> **Assignment**: Your reply must contain the lines from the one with "ScotsTee Shop Scottish" through the last line of the material, exact and complete, with no pictures and no other text.

==== Data ====

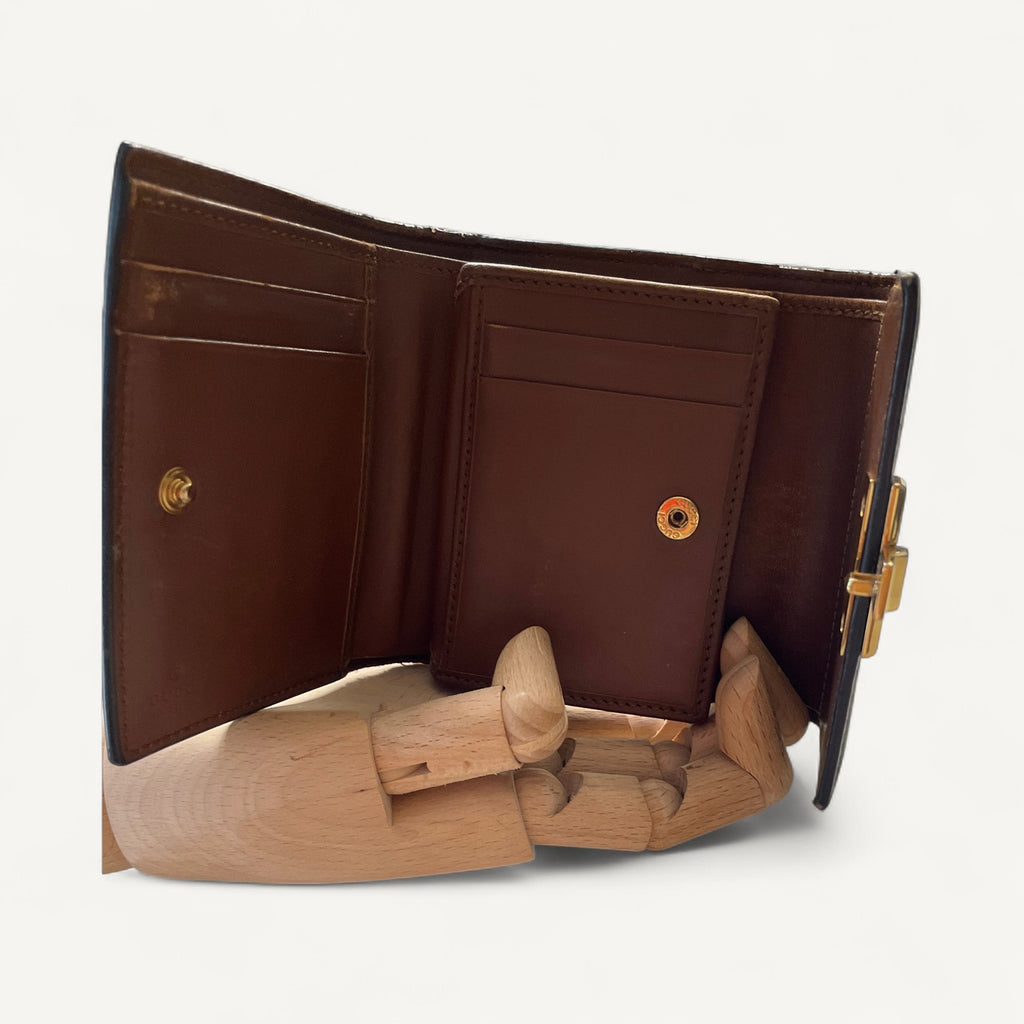 Gucci GG Padlock Canvas Wallet in Brown
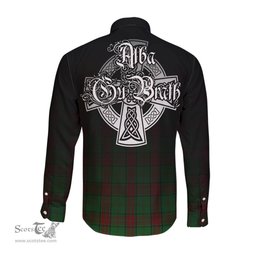 ScotsTee Shop Scottish Maxwell Hunting Clan Crest Tartan Alba Gu Brath Celtic Inspired Tartan Long Sleeve Shirt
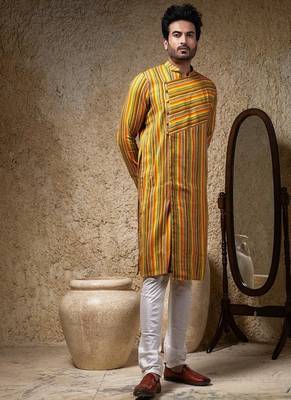 Yellow printed linen kurta pajama 2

====

> **Result**:
 ScotsTee Shop Scottish Maxwell Hunting Clan Crest Tartan Alba Gu Brath Celtic Inspired Tartan Long Sleeve Shirt
 Yellow printed linen kurta pajama 2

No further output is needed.